Re: Critical Assessment of a YouTube video: What to/not to do
Technical/Info
First – there are various ways to slave – all have pros and cons. This is presented as if it is “the” way to do it. This showed a way to do it for a particular circumstance. And the video at one point contradicts itself (more on that later).
It would have been extremely informative to let listeners know that there are basically two ways to “slave” and amp. The preferred way (for modern use) is to run a preamp-out to a post preamp in. You do this to use one preamp tone and the slave amps power section.
Why? You preserve the tone of the preamp by by-passing the first amps tone stack/controls.
Some uses: Taking a mega-loud head, and running it into a small combo for your apartment or a small club. Taking a tiny amp and running it into a mega amp for a large venue.
Another way is to run out of a first amp and directly into the front of another amp. The issue here is that you impact the tone of the first amp because you hit all of the preamp impact of the second. The bonus is you can do this without effect loops.
A reason this was often done was to cascade Gain stages. Example: Mid gain Marshall into mid gain Marshall = 60’s hot rod Marshall!
This vid only presented an old Marshall into an old little Fender, as if it was the only way, or best way. It needed some contect.
Comments on the Hotplate: States that the tone is messed up going through the Hotplate because the Hotplate impacts the tone. Tone is in the ear of the beholder. The compression added by that Hotplate would be excellent for say early VH or Boston tones. State the impact, not the opinion, or state that you have an opinion. Meanwhile – the Fender ALSO impacts the tone – obviously in a way that the author likes.
Stating that there is a product that is different than the Hotplate was excellent. Many may not know these exist.
The author then states, regarding going into the Fender “Either way it will sound great” Opinion – no it won’t. There are absolutely Amp/Slave combos that will sound crap. And some Fenders will crisp/bright/brittle up an otherwise sweet fat tone. Clean Fender “RE-amps” in the notes - yes it does, setting a Flat eq is important and should have been in other than a callout box.
The delay/verb note for an Old Marshall was really good info. This is a great reason to do this. The Speaker Load issue should have been really emphasized too. That’s critical when dealing with old amps.
Now – WTF were the sound clips. I couldn’t tell jack about what the impact of all of this was. Here is what would have been great to hear:
1. Marshall through a stack as a base tone
2. Marshall through Hotplate at low and high attenuation just to see what OP was talking about
3. An AB of Marshall on it’s own (at sensible level for comparison) and Marshall through the Fender – with EQ set to be as close as possible.
4. Marshall Hot plated vs Marshall Slaved to Fender would have been nice too.
Finally – here is a REAL problem I had.

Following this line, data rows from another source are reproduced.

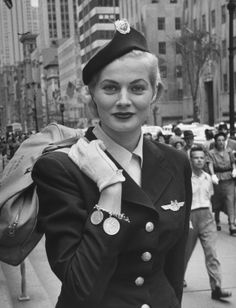 a woman in uniform is walking down the street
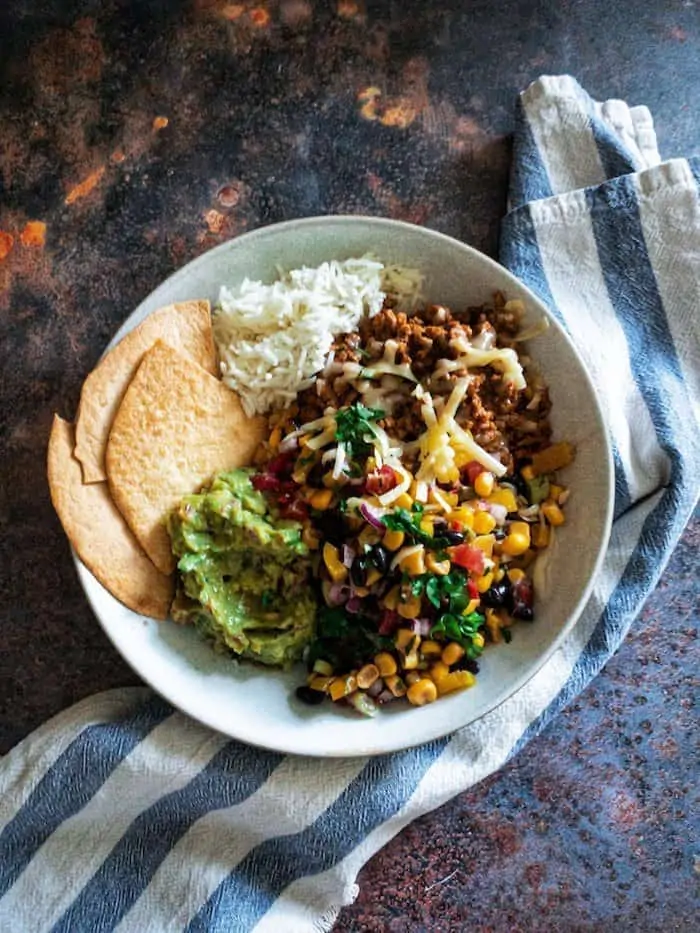 Beef Burrito Bowls with Corn & Black Bean Salsa - All the deliciousness of a classic beef burrito, but lightened up with a fresh and zingy corn and black bean salsa. A great weeknight meal with minimal cooking. Makes excellent leftovers too!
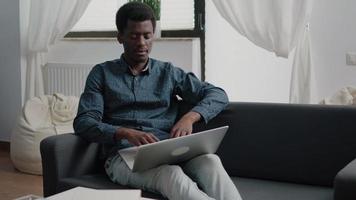 ontspannen op de bank, Afro-Amerikaanse man typen en werken met moderne laptopcomputer video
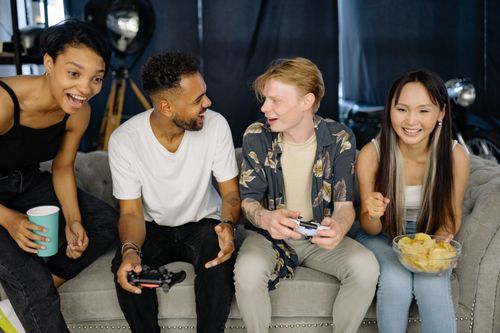 Free A group of diverse friends enjoying a video game session together, laughing and bonding indoors. Stock Photo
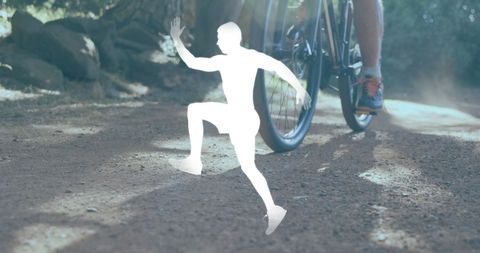 man silhouette overlaid on person cycling through a nature trail creates emphasis on outdoor activity and fitness. suitable for concepts involving modern technology use in fitness, and marketing for outdoor sports products.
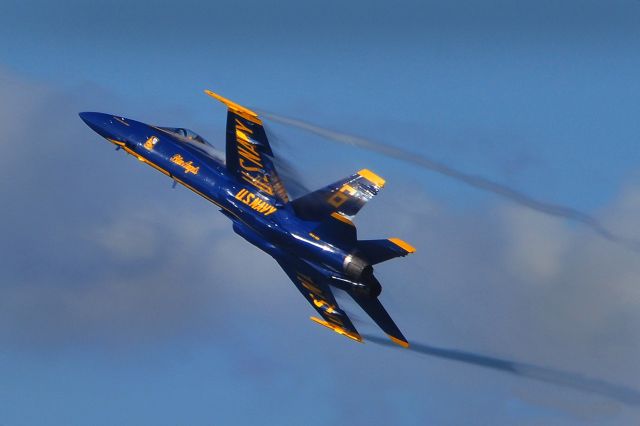 — — - Blue Angel 6 in right bank off solo 5 during performance at the California Air Show Salinas, CA.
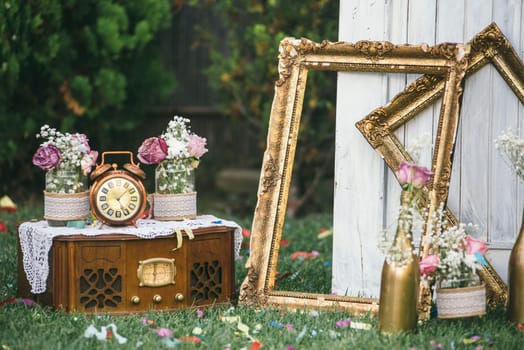 Vintage still life decoration for wedding reception. Marriage and love concept in retro style. Bridal arrangement.
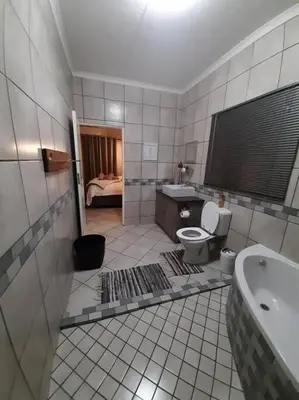 a bathroom with a tub and a toilet and a sink at Maningwe in Marloth Park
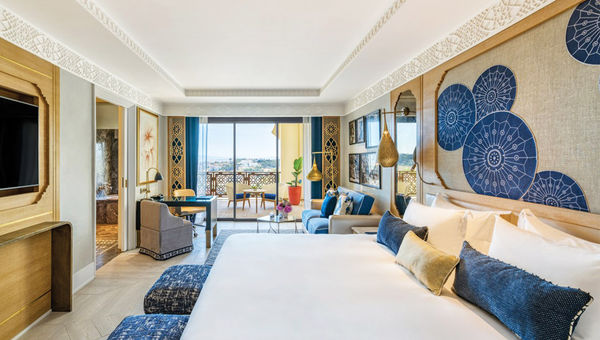 The colors of the Mediterranean reflected in the design of a guestroom with a view.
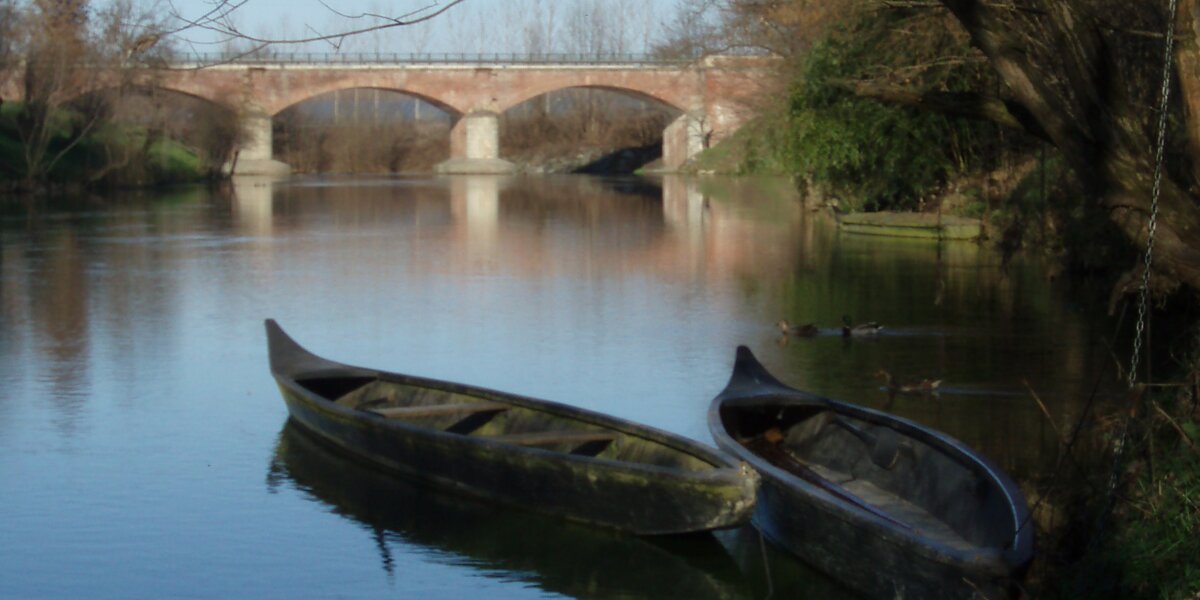 il fiume Po a Villafranca Piemonte con due tipiche imbarcazioni fluviali in primo piano e un ponte sullo sfondo.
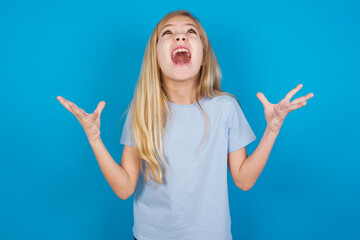 beautiful Caucasian little girl wearing blue T-shirt over blue background crying and screaming. Human emotions, facial expression concept. Screaming, hate, rage.
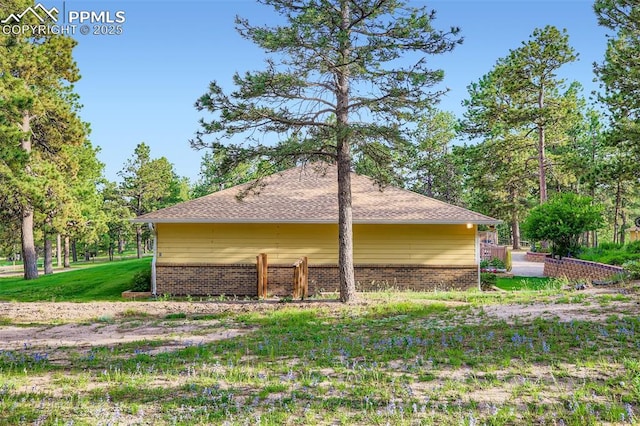 14820 Spiritwood Loop, Elbert, CO 80106 - view of home's exterior featuring brick siding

After all of that how to use your Marshall – the Author puts a preamp in the FX chain!!! SO we have: Marshall Head, Preamp, Fender Tone Stack. I do not believe this sounds at all like the original cranked Marshall – not that we heard it.
So yes – this does do a fantastic job of showing you how to
a) Take a non-loop Loud head
b) Put it into the front of a non-loop small combo
c) Add an fx loop
What would have been awesome would have been also showing how to do that into an FX loop to really preserve the sound.
It would have also been really informative to explain how the amp could have a pre-stack out, a post stack out, or a pre speaker out (which would capture output tune glory as well, if you are into that – and that each could be a little different.
A head with an FX loop (or dedicated Slave out) into a Power amp in on another amp, is a very different thing than a Speaker out to a amp input. None of that was covered at all.
But – you did learn one way to do this. But it isn’t the only way, the best way, or informative enough for me to make an informed decision on it.
LLL – not hating on you personally. A lot of people throw up random clips of tiny little slices of information. This is just a very recent example of it. As Bruce said in the earlier thread – you turned the Marshall into a Dark Matter. Pretty much. And a lot of info was left out about how NOT to do that! Like Marshall into a combo with an FX loop and the Suhr box. THAT would have been an awesome show – how the Hotplate cranked the front is different than the Suhr box into the loop!